見えない壁にいつぶつかるともしれないというのは、ぞっとしないことだ。だが、逃げていても意味はなく、思いきって飛び込むしかなかった。
境界が淡く輝いているのが見える。
右足を上げ、ゆっくりとその内側へ入れた。
――うん?
一瞬だけ、わずかな抵抗を感じた。直後、全身が負荷もなくするりと通った。
拍子抜けするほど、何もなかった。すべては取り越し苦労だったのか?
――いや。
原因はすぐにわかった。
この眼鏡だ。装着者の霊力を強引に抑えつけているがために、この自分でも強力な結界を通ることができた。
でなくば――動きが取れなくなっていただろう。
自分だからこそ。
――師匠、まさかこのために?
「どうしたの?」
「なんでもないと言っている。それより、手を放せ」
「また転ぶんじゃないの?」
「うるさい。もう、さすがに自分で行く」
「でも、どれが〝〈白鳳〉高校〟の校舎か、わかってる?」
「…………」
敷地が広すぎ、建物が多すぎる。方向音痴ではないが、目標地点に無事到達できるかどうか怪しかった。
「ほら、一緒に行く」
「…………」
今度は手をがしっと摑まれ、ずるずると引きずられていく。もはや、観念して身を任す他なかった。
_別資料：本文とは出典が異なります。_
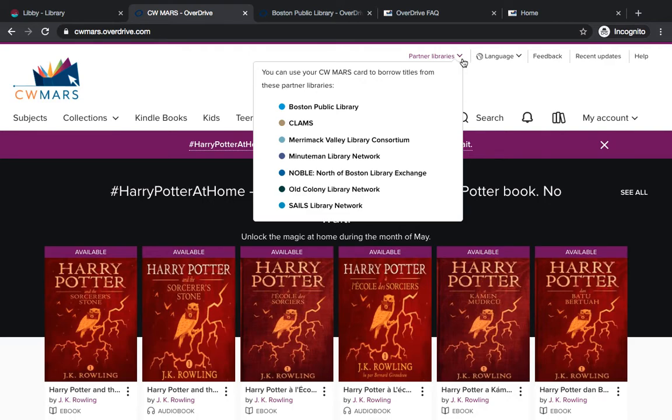Hi everybody! Today I'm going to teach you how to use the Partner Libraries function on the Overdrive website and in the Libby app. This function enables you to borrow digital materials from all eight library networks across the state of Massachusetts.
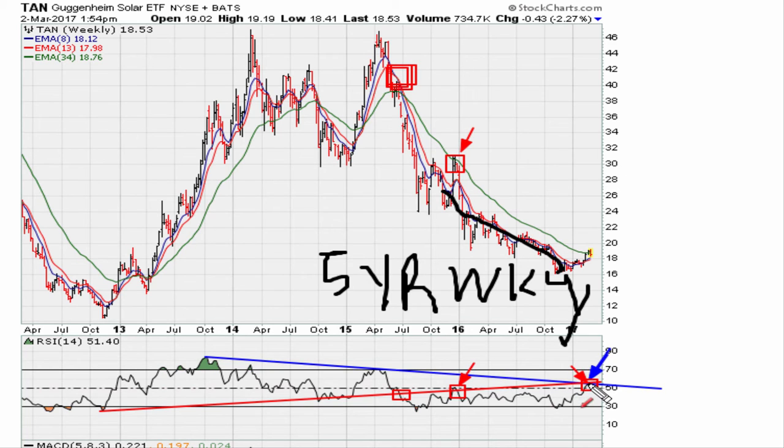As long as this is confirmed as resistance, we can speculate that this here is going to be a short-term high — maybe a major high — and that the next major direction for solar stocks is that they're going to be facing potential for much lower prices in the coming weeks and months, as long as those two lines continue showing resistance.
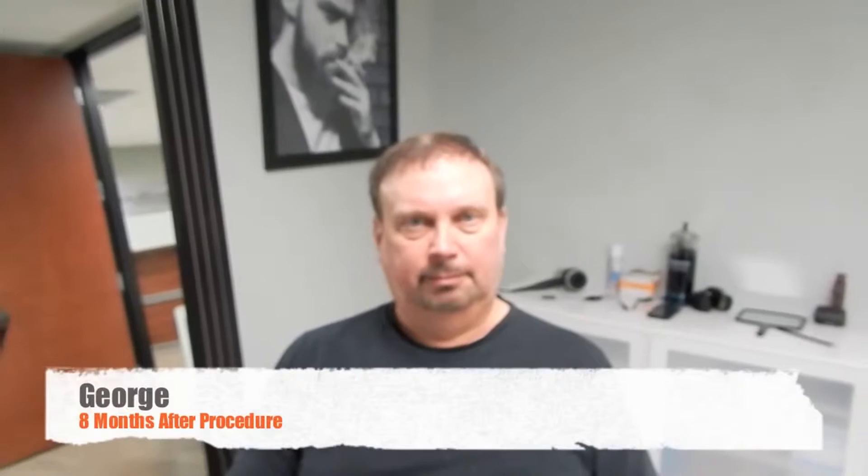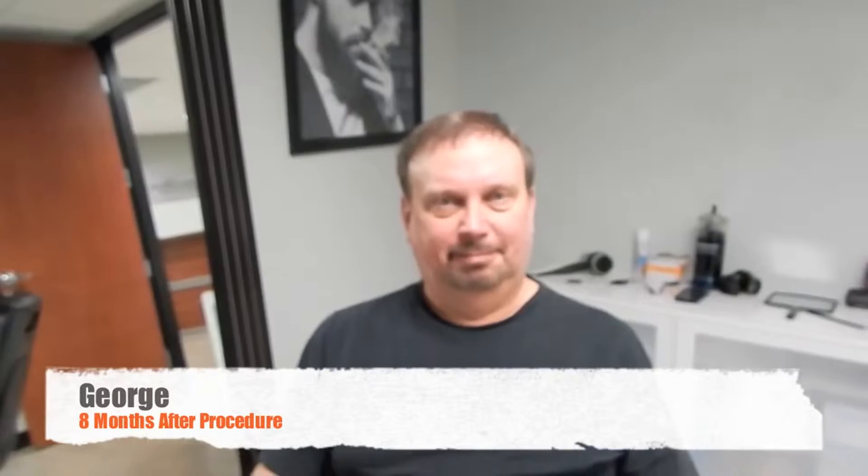I'm here with George, and George has been nice enough to stop by — he's seven months and three weeks, so one more week and he'll be eight months. George came in with a hairpiece and was trying to get out of the hairpiece, and that's our goal today. He still doesn't have his full result at this point, but I just wanted to show the progress.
まるでイタリアの観光都市にあるかのような、シンプルではあるものの美しい装飾が外壁に施された建物のひとつが、徐々に近づいてきた。
その屋根には、おそろしく目立つ巨大な彫刻がある。
羽の豊かな両の翼を広げ、今にも飛び立たんとしている、つがいの大鳥。その細長い首の先にある頭は、アジア的な趣があった。
「鳳凰、か」
「そう、どこからでもよく見えるでしょ」
「だったら、どれが校舎か誰が見たってわかるじゃないか」
白鳳高校。そのままだ。
「男が細かいこと言わない」
「細かい、か?」
こちらのこともお構いなしに、女帝気質の女はさらに進んでいく。いつの間にか、また腕をからめ取られてしまっていた。
「俺は職員室へ行く。放せ」
「えっ、私にひとりで教室行けっていうの?」
「俺を共犯にするな。だいたい、俺は転校初日だから、午後からの登校でもよかった」
「ずるい!」
「ずるくない。少なくとも俺は遅刻じゃない。恥をかくのはお前だけだ」
「こいつ……。別に恥ずかしくないけど」
「常習犯か……。って、そもそも同じクラスかどうかわからないじゃないか」
「うぅん、同じ」
「は?」
「同じだよ。私にはわかる」
美柚は、確信に満ちた目で言い切った。
「こういうときの私の勘、外れたことがない」
「……ふん、俺にはどういうでもいいことだが」
突き放した捨て台詞を吐いて、荷物を担ぎ直した蓮はあっさりと離れていった。
あとには、ぽつんと取り残された少女がひとり。
「――何よ」
明確な寂しさを感じながらも、美柚はどこかで彼とつながったようなあたたかいものも感じていた。